- ASSIGNMENT
Your answer should be the full data, transcribed exactly, with no pictures in it.

- AVAILABLE DATA

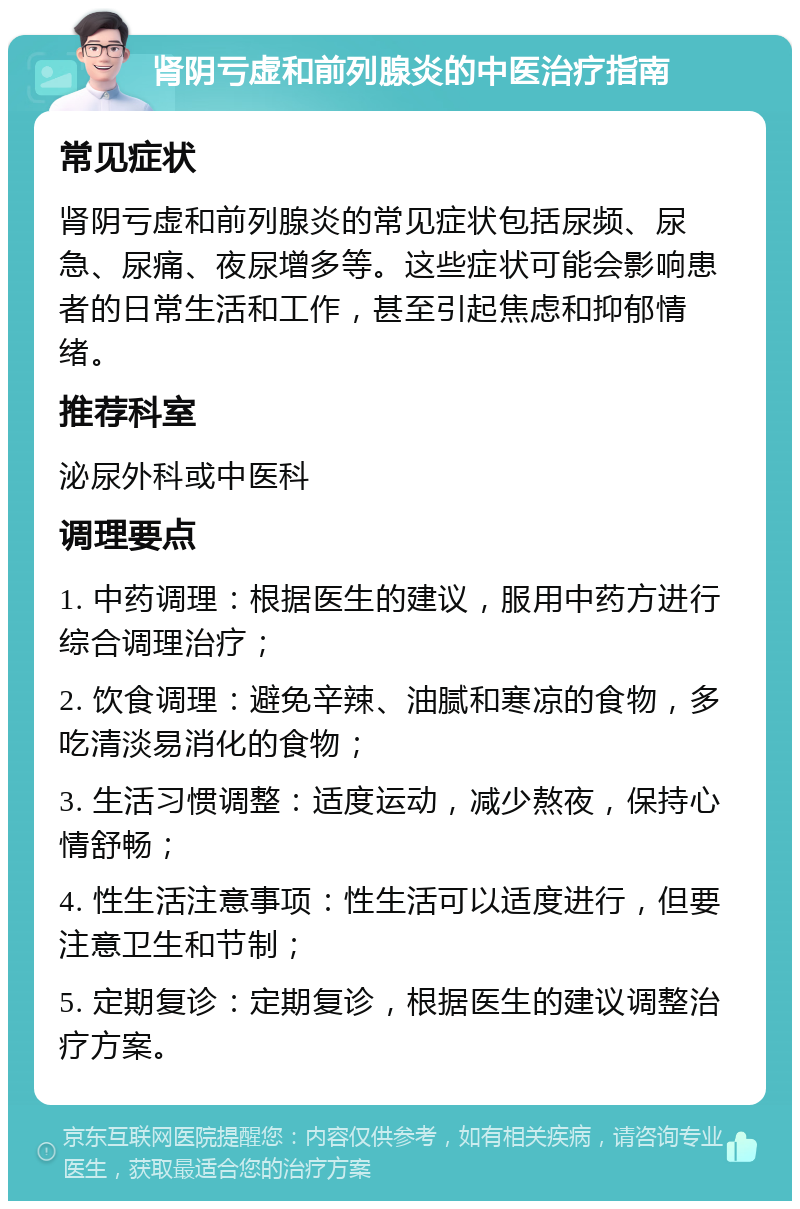 肾阴亏虚和前列腺炎的中医治疗指南 常见症状 肾阴亏虚和前列腺炎的常见症状包括尿频、尿急、尿痛、夜尿增多等。这些症状可能会影响患者的日常生活和工作，甚至引起焦虑和抑郁情绪。 推荐科室 泌尿外科或中医科 调理要点 1. 中药调理：根据医生的建议，服用中药方进行综合调理治疗； 2. 饮食调理：避免辛辣、油腻和寒凉的食物，多吃清淡易消化的食物； 3. 生活习惯调整：适度运动，减少熬夜，保持心情舒畅； 4. 性生活注意事项：性生活可以适度进行，但要注意卫生和节制； 5. 定期复诊：定期复诊，根据医生的建议调整治疗方案。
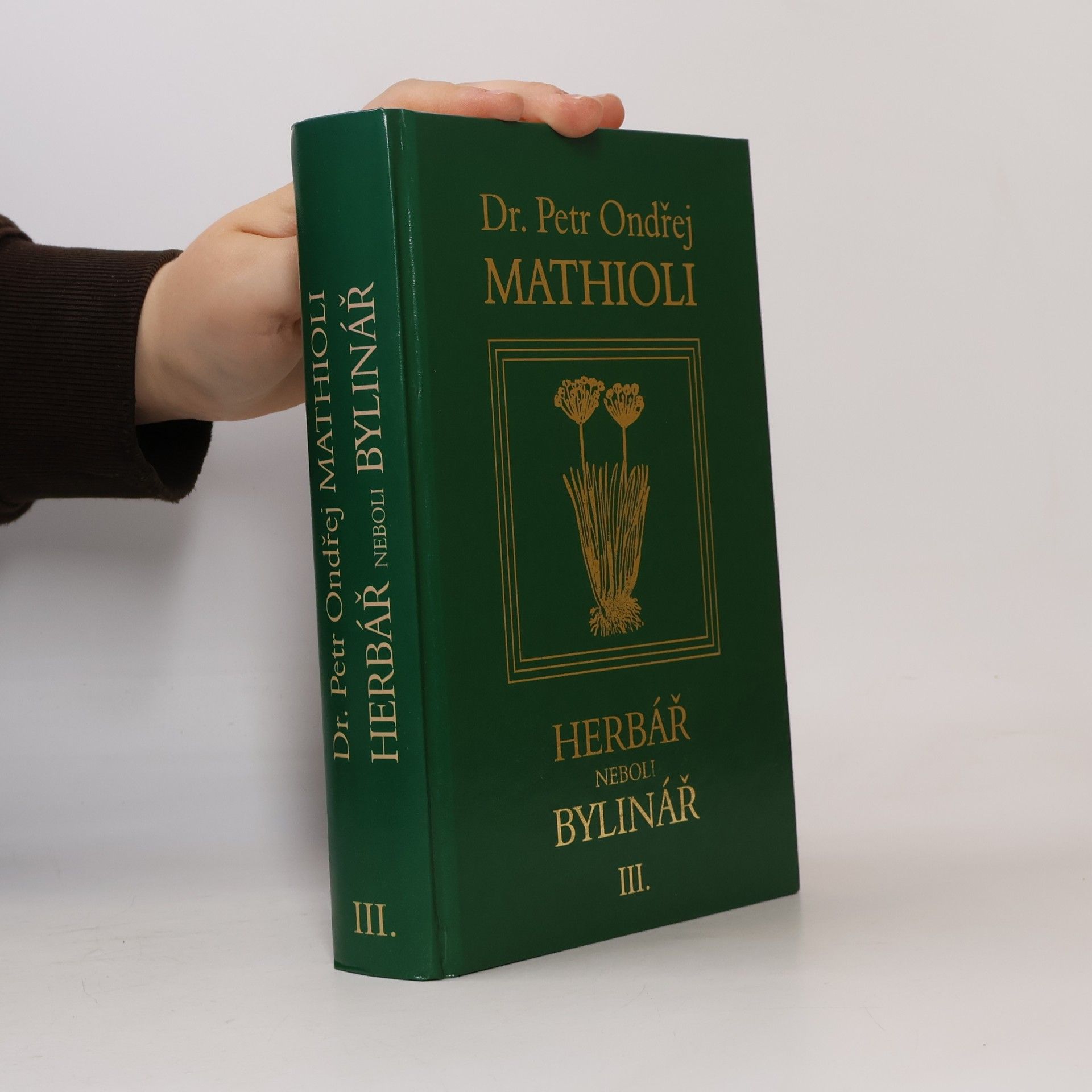 Petr Ondřej Mathioli Herbář neboli Bylinář III.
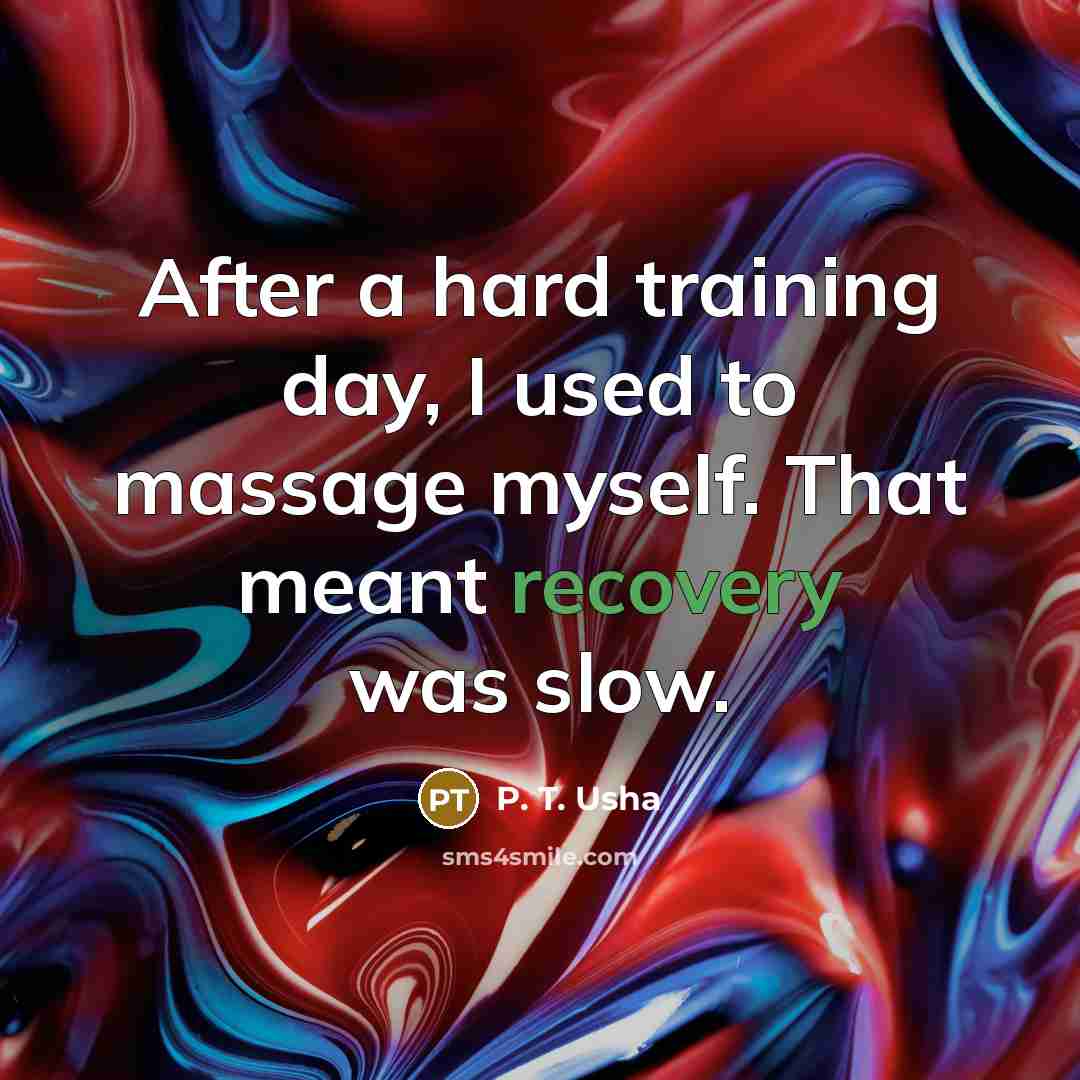 “After a hard training day, I used to massage myself.…” quote by P. T. Usha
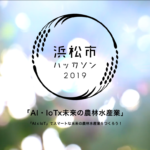 浜松市ハッカソン2019「AI・IoT x 未来の農林水産業」開催決定！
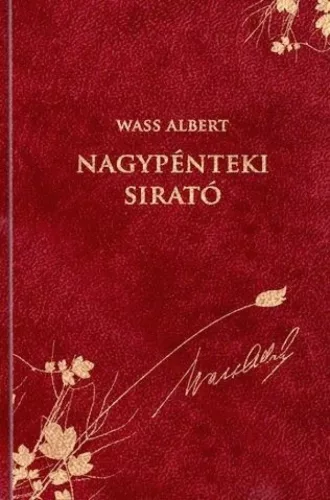 Nagypénteki sirató - Wass Albert díszkiadás 42.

- REPLY
 肾阴亏虚和前列腺炎的中医治疗指南 常见症状 肾阴亏虚和前列腺炎的常见症状包括尿频、尿急、尿痛、夜尿增多等。这些症状可能会影响患者的日常生活和工作，甚至引起焦虑和抑郁情绪。 推荐科室 泌尿外科或中医科 调理要点 1. 中药调理：根据医生的建议，服用中药方进行综合调理治疗； 2. 饮食调理：避免辛辣、油腻和寒凉的食物，多吃清淡易消化的食物； 3. 生活习惯调整：适度运动，减少熬夜，保持心情舒畅； 4. 性生活注意事项：性生活可以适度进行，但要注意卫生和节制； 5. 定期复诊：定期复诊，根据医生的建议调整治疗方案。
 Petr Ondřej Mathioli Herbář neboli Bylinář III.
 “After a hard training day, I used to massage myself.…” quote by P. T. Usha
 浜松市ハッカソン2019「AI・IoT x 未来の農林水産業」開催決定！
 Nagypénteki sirató - Wass Albert díszkiadás 42.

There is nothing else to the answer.